وَلاَيَجُوْزُ بَيْعُ شَيْئٍ مِنَ اْلهَدْيِ وَاْلأُضْحِيَةِ نَذْرًا كَانَ اَوْ تَطَوُّعًا
Tidak diperbolehkan menjual sedikitpun dari hewan hadiah dan qurban, baik itu nadzar ataupun sunat.
فَلَيْسَ لَهُ اَنْ يَنْتَفِعَ بِجِلْدِهَا كَأَنْ يَجْعَلَهُ فَرْوَةً وَلَهُ اِعَارَتُهُ كَمَالَهُ اِجاَرَتُهَا اهـ
Maka tidak boleh baginya (mudhahhi) memanfaatkan kulitnya (qurban nadzar) seperti menjadikannya untuk wadah, namun boleh baginya meminjamkan dan menyewakannya.
Dalam madzhab Hanafi dan Hanbali, diperbolehkan menjual kulit qurban akan tetapi hasil penjualannya wajib disedekahkan.
12. Memakan Daging Oleh Mudhahhi/Wakil
Memakan sebagian daging qurban oleh pihak mudlahhi diperbolehkan, asalkan bukan qurban wajib/nadzar. Dan jika qurban wajib/nadzar yang tidak diperbolehkan makan tidak hanya dia sendiri (mudhohhi), namun juga orang-orang yang wajib ditanggung nafkahnya.

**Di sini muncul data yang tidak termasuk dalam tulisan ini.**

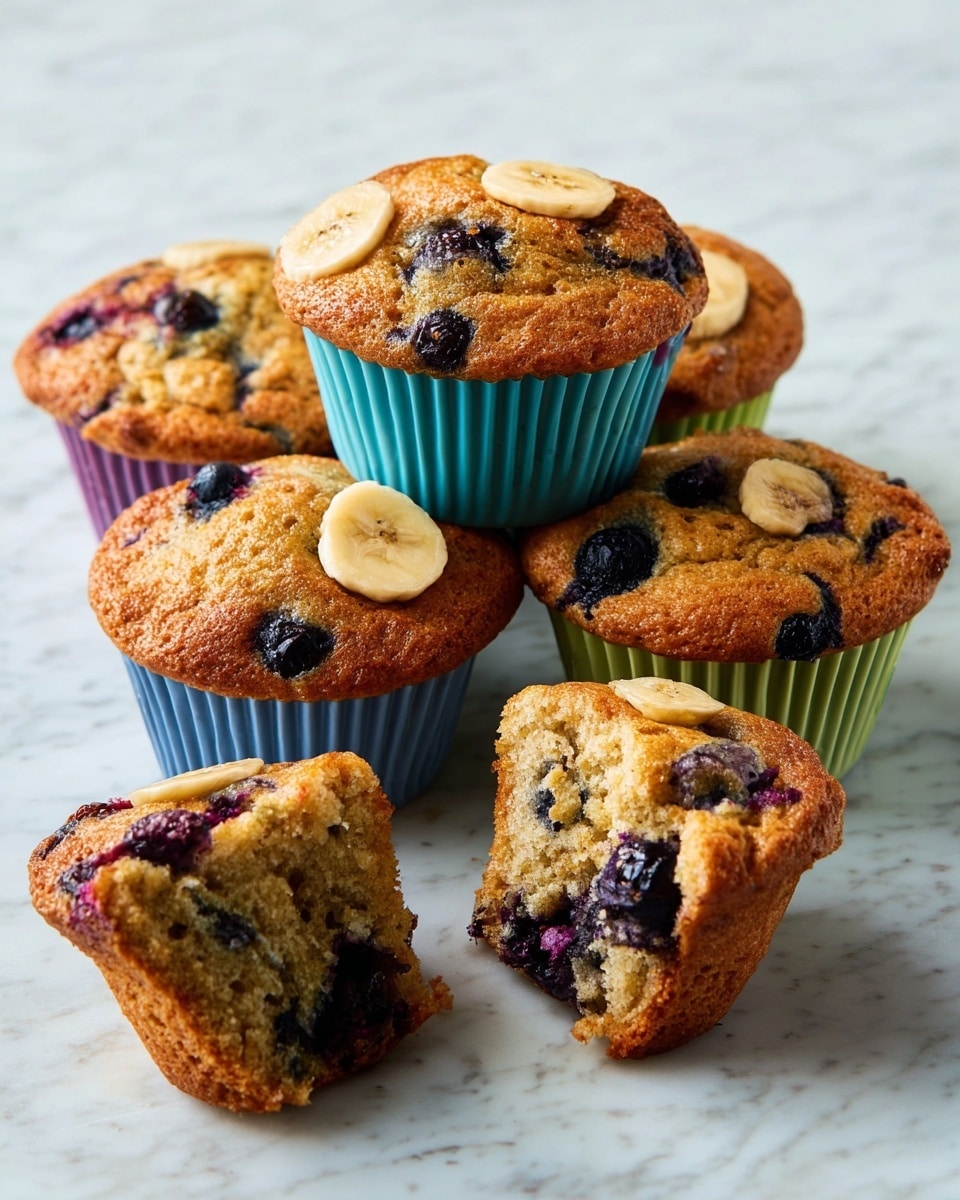 Two golden-brown muffins with a crispy top and a soft crumb sit side by side inside dark blue, fluted silicone molds. The right muffin has dark purple blueberries baked inside, with some berries slightly bursting and oozing purple juice down the sides of the mold. The muffins rest on a white marbled surface, and the background is plain white, making the warm colors of the muffins stand out. photo taken with an iphone --ar 4:5 --v 7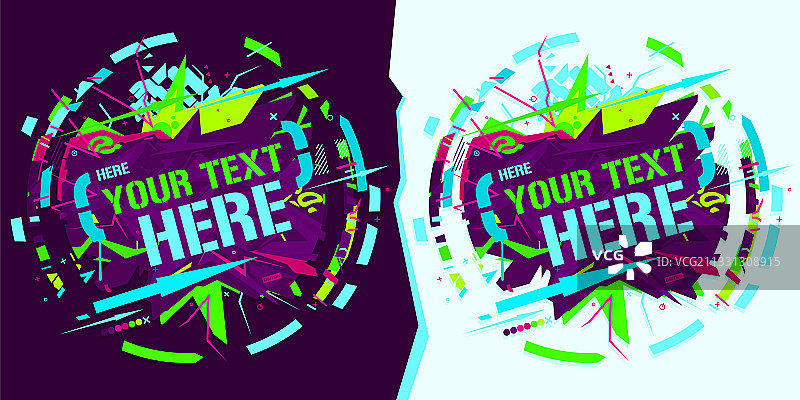 圆形彩色霓虹抽象涂鸦风格banner图片素材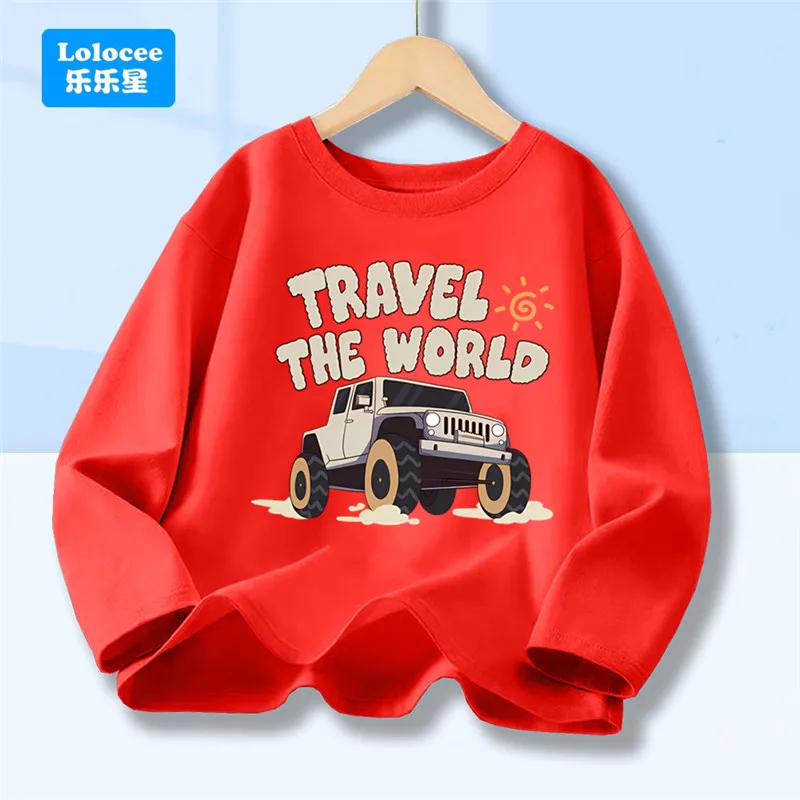 تي شيرت جرافيك مطبوع عليه رسوم كارتونية للطرق الوعرة للأولاد، تي شيرت شاحنة بيك اب بأكمام طويلة للأطفال لربيع الخريف YYPK1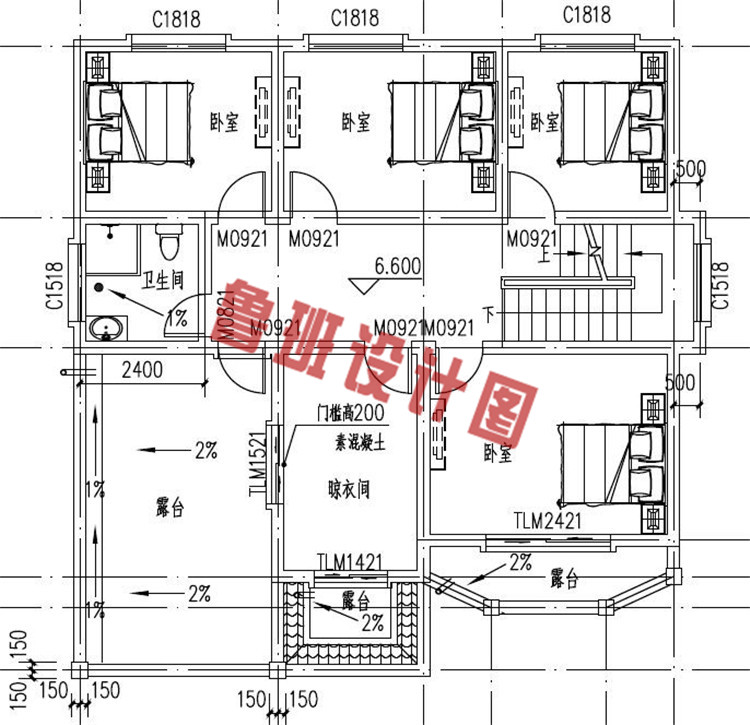 农村复式别墅设计三层户型图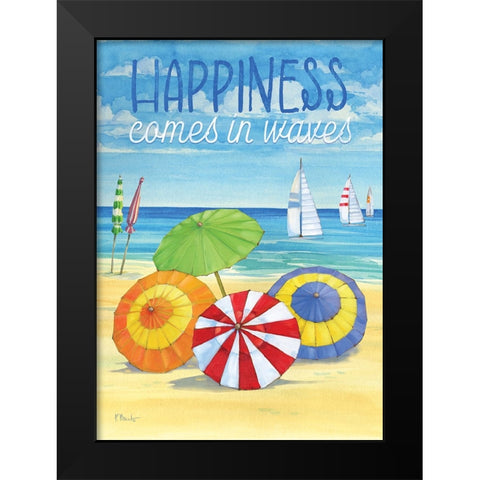 Umbrella Waves Vertical Black Modern Wood Framed Art Print by Brent, Paul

وَلاَ يَأْكُلُ اْلمُضَحِّىْ شَيْأً مِنَ اْلأُضْحِيَةِ اْلمَنْذُوْرَةِ وَيَأْكُلُ مِنَ اْلمُتَطَوَّعِ بِهَا
Pihak yang berkorban tidak boleh memakan sedikitpun dari qurban yang dinadzarkan dan boleh memakannya jika dari korban sunat.

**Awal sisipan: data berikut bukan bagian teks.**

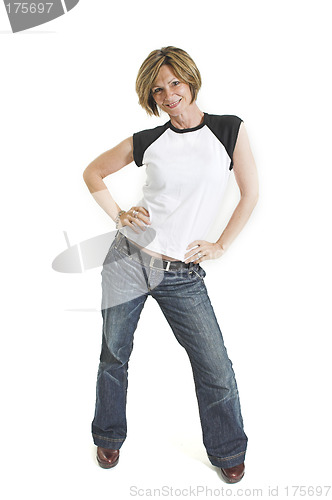 Image of woman with white t-shirt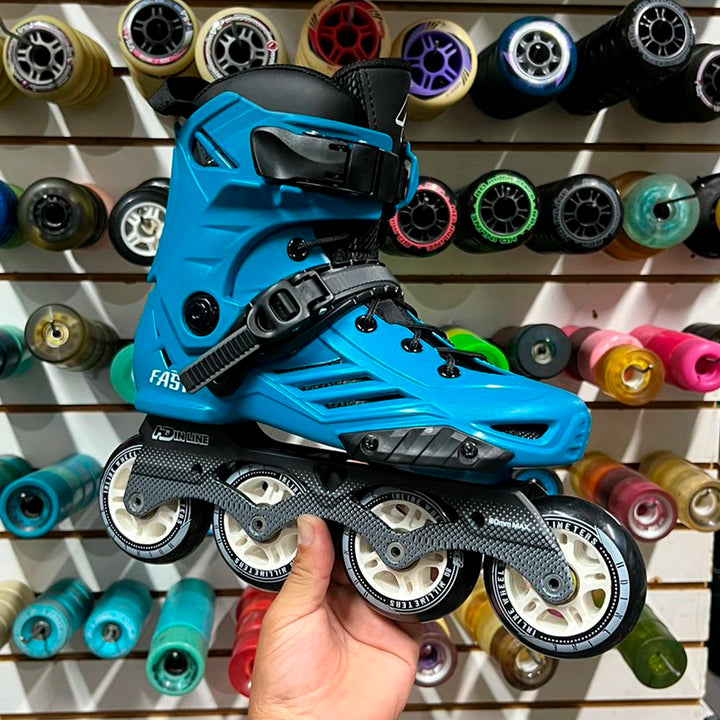 Patins Roller Hd Fast Azul Profissional Base Sky 80mm 85a Abec-11
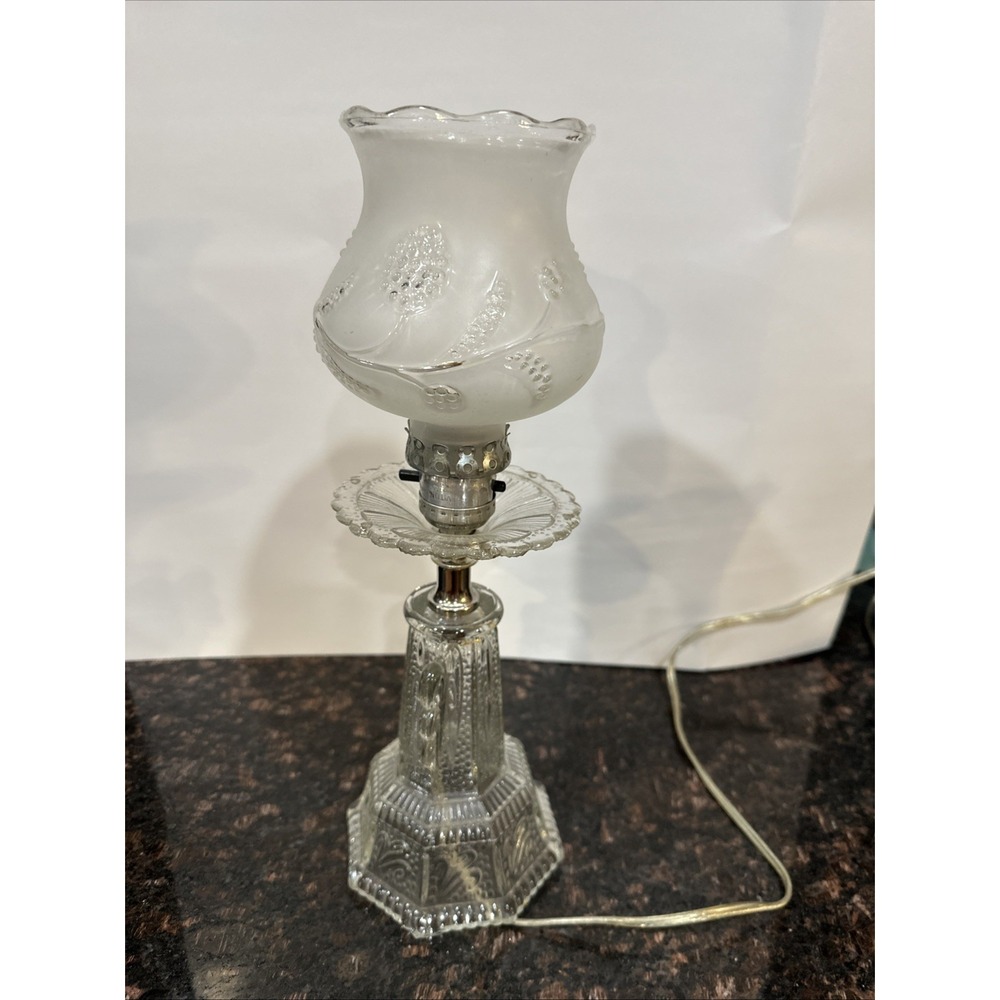 Vintage Glass Fairy Table Lamp with Frosted Glass Shade Corded Plug-In 14.5"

وَلاَ يَأْكُلُ اْلمُضَحِّىْ شَيْأً مِنَ اْلأُضْحِيَةِ اْلمَنْذُوْرَةِ (قوله ولا يأكل) اَىْ لاَيَجُوْزُ لَهُ اْلأَكْلُ فَاِنْ أَكَلَ شَيْأً غَرِمَهُ (قوله المضحى ) وَكَذَا مَنْ تَلْزَمُهُ نَفَقَتُهُ
Pihak yang berkorban tidak boleh memakan sedikitpun dari qurban yang dinadzarkan, yakni ia tidak boleh memakannya. Jika memakan sedikit saja maka wajib mengganti. Seperti halnya pihak mudhahhi adalah orang-orang yang wajib ditanggung nafkahnya.

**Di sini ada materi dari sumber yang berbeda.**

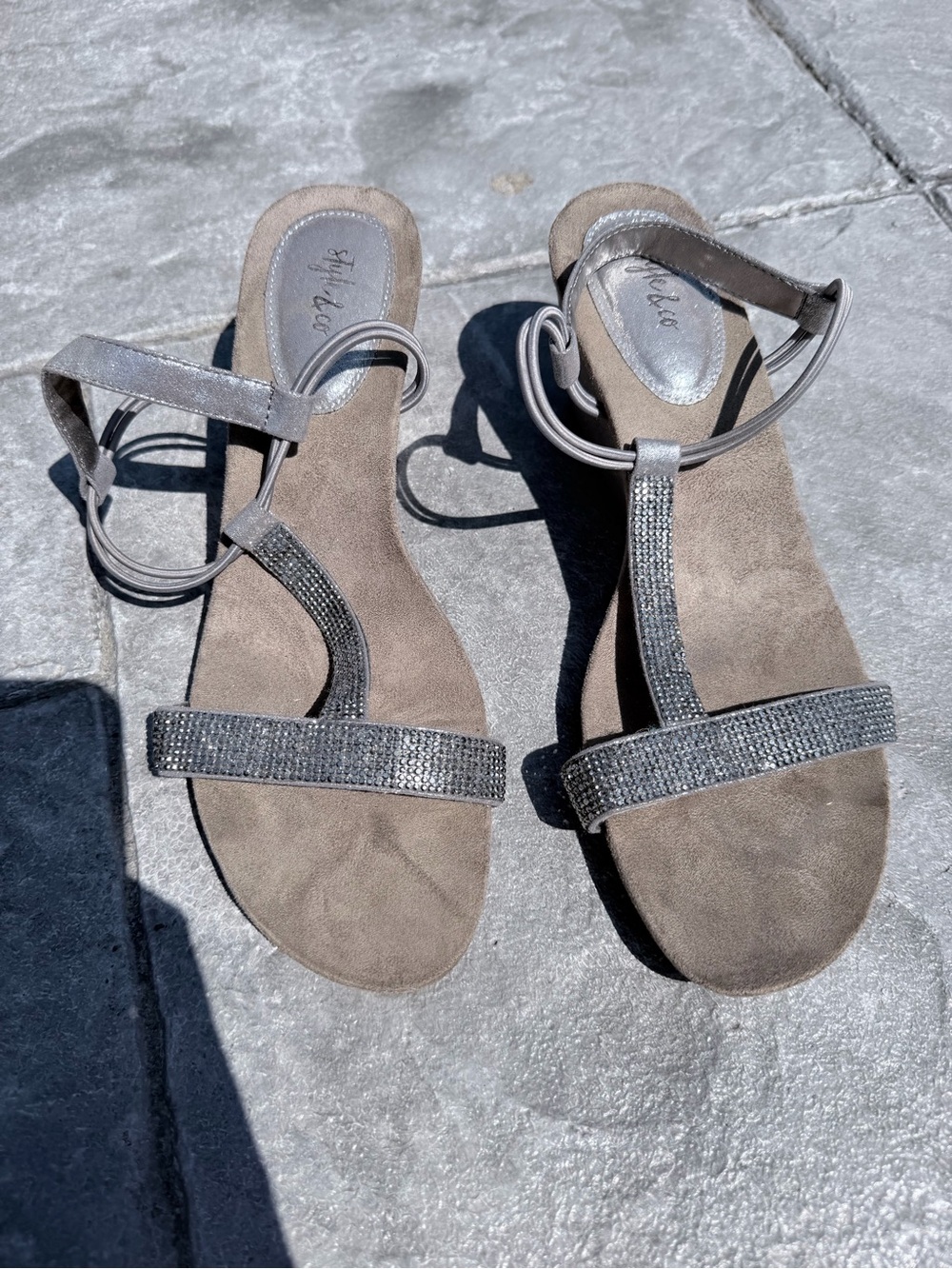 Style & Co. Silver-Tone Rhinestone T-Strap Sandals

Bagaimana dengan wakil/panitia, bolehkan mereka mengambil / memakannya ?
Sesuai kedudukan panitia adalah wakil dari pihak mudhahhi, maka panitia tidak diperbolehkan mengambil atau memakan sedikitpun, sebab akan terjadi peran ganda panitia yaitu sebagai pemberi sekaligus juga penerima (ittihad al-qabidh wal muqbidh) yang tidak boleh terjadi.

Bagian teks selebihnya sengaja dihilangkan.